Inferring Causality from Longitudinal Studies
Chaired By: Elizabeth Owens, University Of California, Berkeley
Friday, March 21, 2003
Diana Baumrind
"When are Causal Inferences Justified in the Debate about Physical
Discipline “Effects”?"
University of California, Berkeley
Causal inferences referring to “effects”
of physical discipline are not justified from the primary studies
synthesized in Gershoff’s (2002) meta-analytic review because
the great majority, even when longitudinal, were correlational and
failed to meet the elementary requisite conditions for making causal
inferences from correlational data. In the opinion of Overton, Editor
of the SRCD Monographs, data from most social science research,
including experimental research, do not justify causal terms such
as “influence”, “affect”, or “the
risk factor caused the behavior.” However, public policy application
of such research too often presumes it can support causal inferences.

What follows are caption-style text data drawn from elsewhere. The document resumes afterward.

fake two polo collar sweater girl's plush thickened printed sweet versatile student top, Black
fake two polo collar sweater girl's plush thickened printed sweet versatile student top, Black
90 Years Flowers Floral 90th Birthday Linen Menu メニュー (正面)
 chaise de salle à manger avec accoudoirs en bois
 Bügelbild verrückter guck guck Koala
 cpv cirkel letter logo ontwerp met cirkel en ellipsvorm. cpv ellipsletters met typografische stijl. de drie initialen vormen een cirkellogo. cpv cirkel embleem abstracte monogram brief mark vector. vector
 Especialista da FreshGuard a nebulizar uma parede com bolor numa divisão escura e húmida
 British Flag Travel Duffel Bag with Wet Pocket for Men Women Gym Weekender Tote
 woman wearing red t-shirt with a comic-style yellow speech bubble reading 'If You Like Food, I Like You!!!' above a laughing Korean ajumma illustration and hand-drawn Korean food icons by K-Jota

For example, if divorce or physical punishment is not at least a
potential causal risk factor for the detrimental child attributes
with which it is correlated, then social policy recommendations
based on such findings, even from longitudinal research, would be
rash.
Although correlational evidence can never establish cause, such
evidence can support a principled argument that one characteristic
such as “spanking” is a plausible causal component in
producing another characteristic such as aggression, with which
it is correlated, provided that at least four conditions are all
met: 1) the phenomenon corresponding to “spanking” must
be bracketed to exclude very severe levels of physical punishment;
otherwise the correlation will merely reflect abusive levels, 2)
temporality must be established by controlling for the baseline
“outcome” variable in a prospective longitudinal design,
3) plausible rival methodological and substantive hypotheses must
be rigorously tested by statistically controlling for plausible
“third” variables, 4) reliable and valid measures of
putative dependent, independent and third variables must be employed.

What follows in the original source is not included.